In the records below, find the line with "Students are able", then retype it and every following line exactly, stopping after the line with "In the case". Leave the pictures out.
== EXERCISE DATA ==
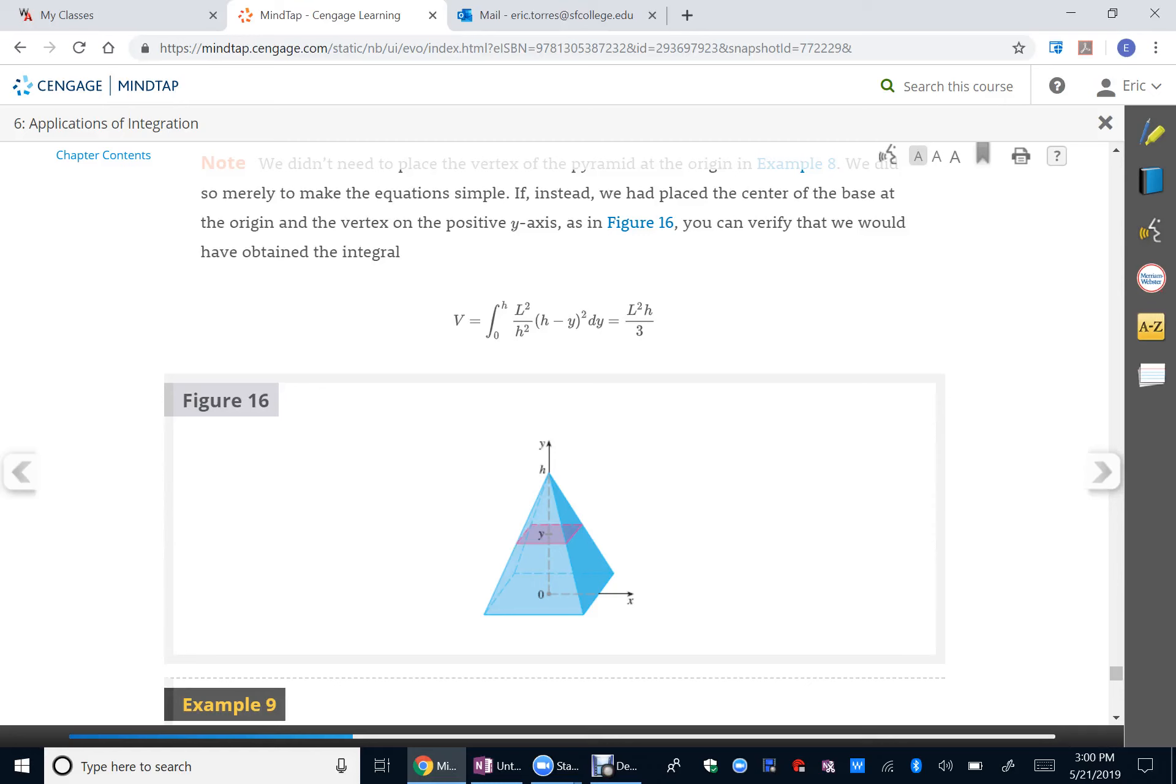Okay, so this is chapter 6 example 8 actually, and you're given the volume of a pyramid with a square base right here.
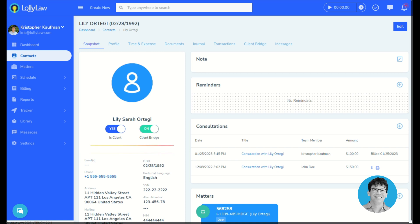Hello everyone, and welcome back to this intro training course on LolliLaw. My name's Chris, customer success at Lolli, and in this video we'll discuss where to find consultation entries that have been saved to the system.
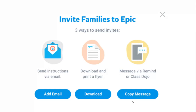Students are able to use Epic during school hours and for two additional hours on the weekend. If you would like your students to have access to books after school, you can turn on the after school hour setting. This will give students access to a smaller library during after school hours.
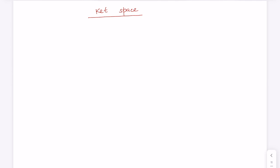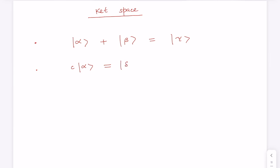The ket state is a state vector in the complex vector space and contains all the information about the physical state of a particle. Some useful properties of ket vectors: first, if there are two kets |α⟩ and |β⟩, they can be added and the addition results in another ket |γ⟩. Second, if you multiply a ket by a complex number c, it results in another ket.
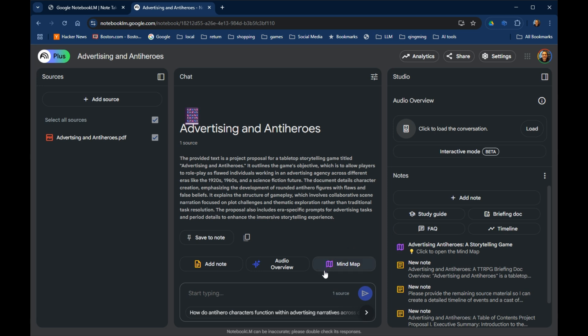You can see here it's available underneath your chat and the summary of your source. In this case, my source is just a game that I wrote called Advertising and Antiheroes. It's a storytelling game about complicated, difficult, but lovable people in an advertising setting.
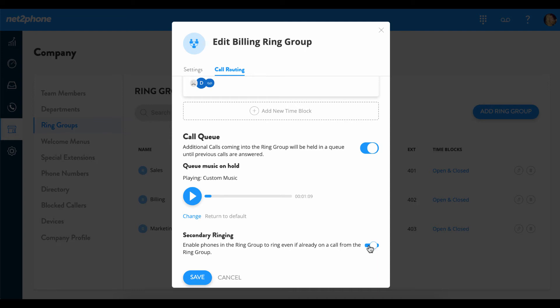When the secondary ringing option is turned on, your phone will begin to ring while you are on a current call to notify you that there is another caller waiting within the queue. Then we can go ahead and save.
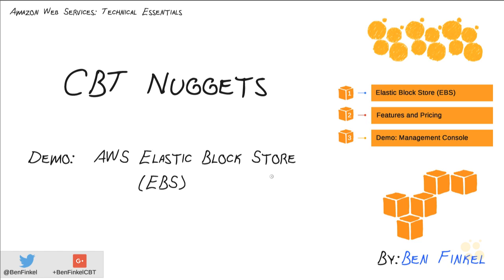Demonstration Nugget, AWS Elastic Block Store, or EBS. Hey everyone, Ben Finkel here, and if you've wondered what it means to be EBS-backed when you create a new EC2 instance, we're going to learn all about it.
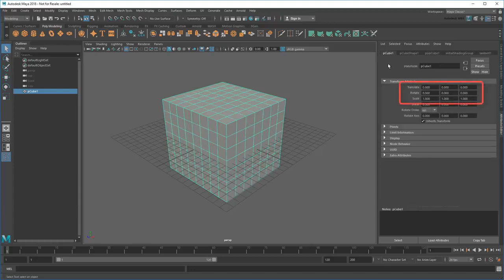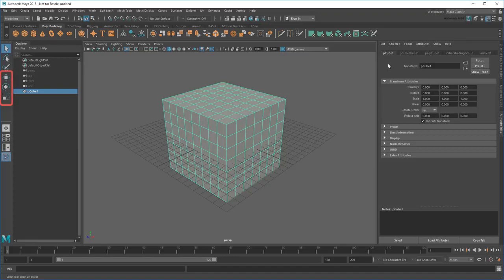In the case of transform attributes like translate, rotate, and scale, you can alter them interactively using these three tools in the Toolbox.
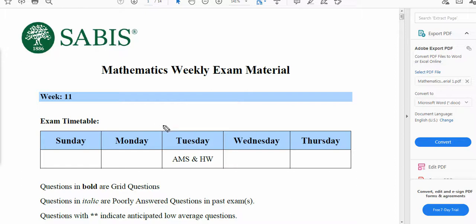Hi, my name is Jaros Ahmad and in this video I'm going to do some practice questions related to integration. We are covering the questions from the Sabas mathematics. So let's head on towards the first question.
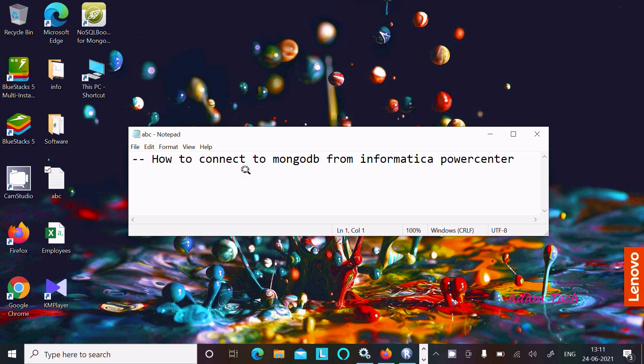In this video lecture, I am going to discuss how to connect MongoDB with Informatica Power Center. So let's see all the steps.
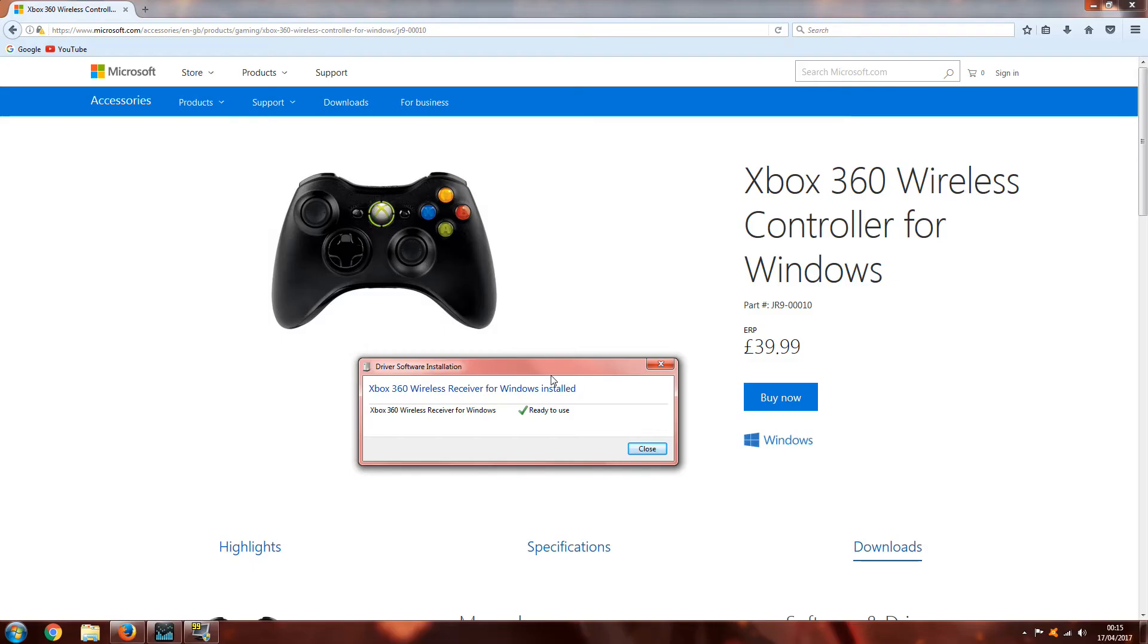First things first, connect the adapter up to your computer. You'll probably receive a message similar to this - it'll either tell you the drivers have installed or they haven't.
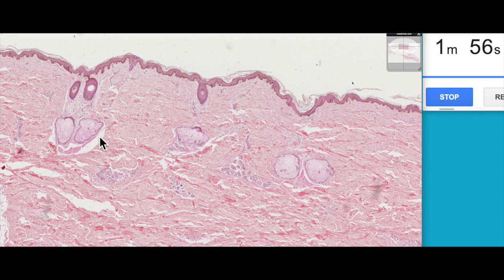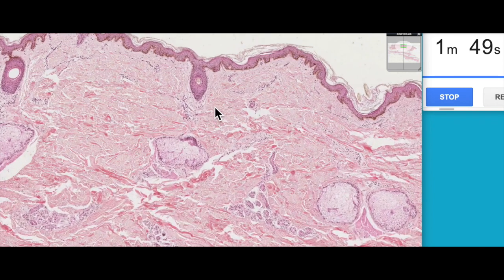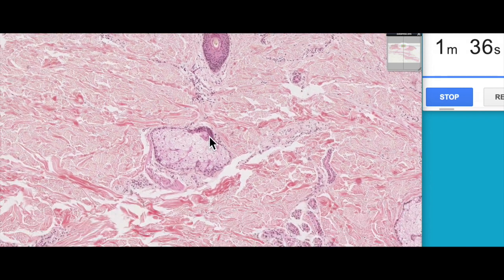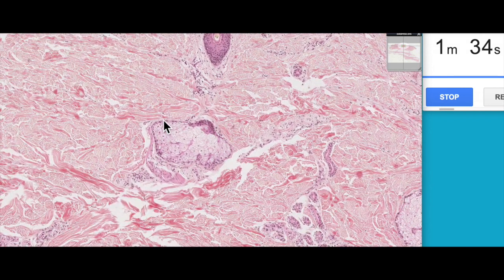The pilosebaceous apparatus includes the hair follicle, sebaceous glands, and the erector pili muscle. These hair follicles are actually downgrowths of the epidermis, and you can see the connection of the stratum basale here to this glancing section through the hair follicle — we haven't gone all the way through it, just done a glancing section.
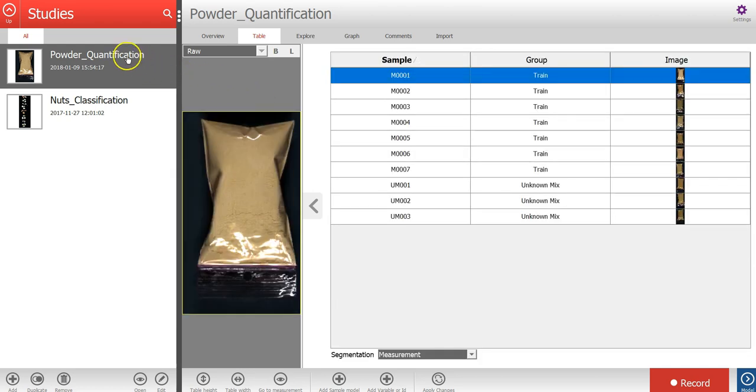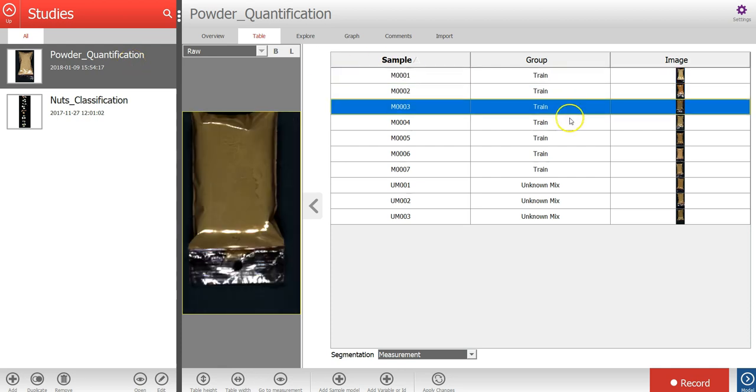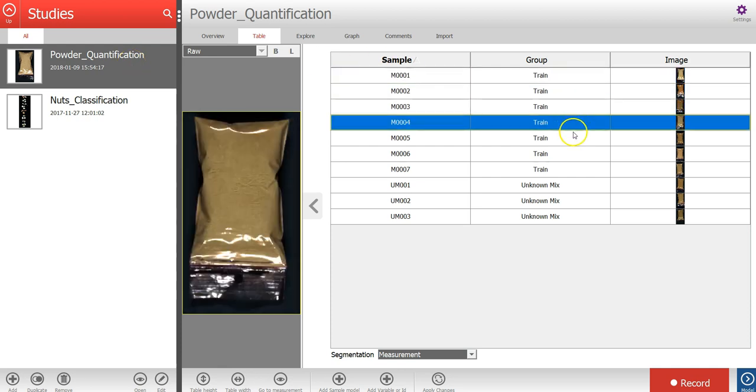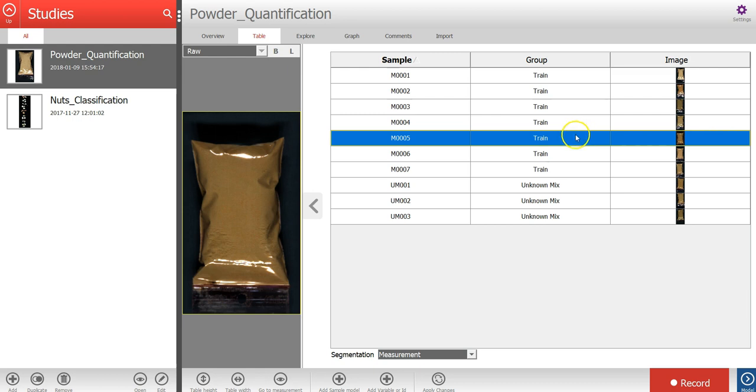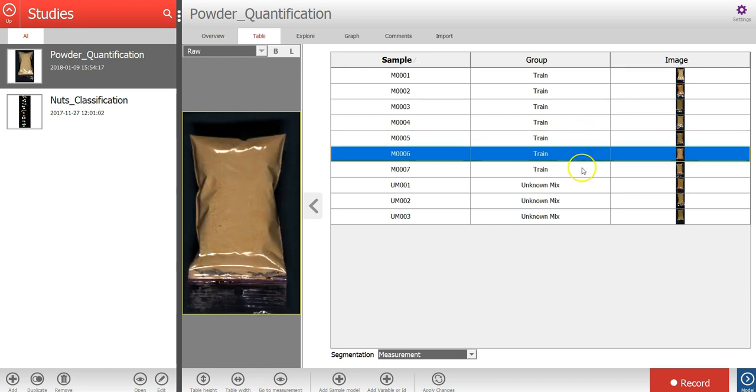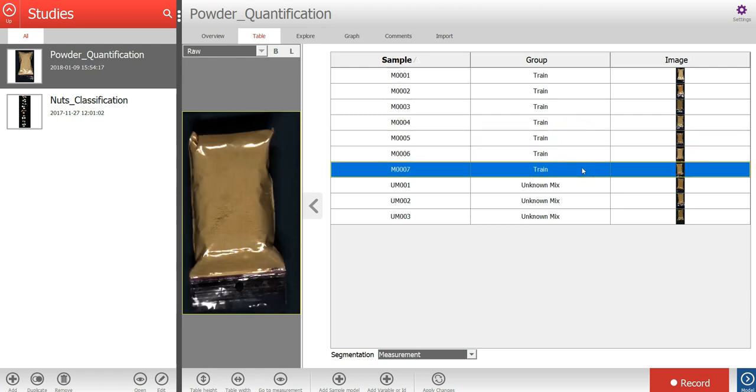A study called powder quantification has now been created that includes images of plastic bags containing a mix of powders. Let's open this study.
===
# [WRITTEN SOLUTION]
Students are able to use Epic during school hours and for two additional hours on the weekend. If you would like your students to have access to books after school, you can turn on the after school hour setting. This will give students access to a smaller library during after school hours.
The ket state is a state vector in the complex vector space and contains all the information about the physical state of a particle. Some useful properties of ket vectors: first, if there are two kets |α⟩ and |β⟩, they can be added and the addition results in another ket |γ⟩. Second, if you multiply a ket by a complex number c, it results in another ket.
You can see here it's available underneath your chat and the summary of your source. In this case, my source is just a game that I wrote called Advertising and Antiheroes. It's a storytelling game about complicated, difficult, but lovable people in an advertising setting.
When the secondary ringing option is turned on, your phone will begin to ring while you are on a current call to notify you that there is another caller waiting within the queue. Then we can go ahead and save.
Demonstration Nugget, AWS Elastic Block Store, or EBS. Hey everyone, Ben Finkel here, and if you've wondered what it means to be EBS-backed when you create a new EC2 instance, we're going to learn all about it.
In the case of transform attributes like translate, rotate, and scale, you can alter them interactively using these three tools in the Toolbox.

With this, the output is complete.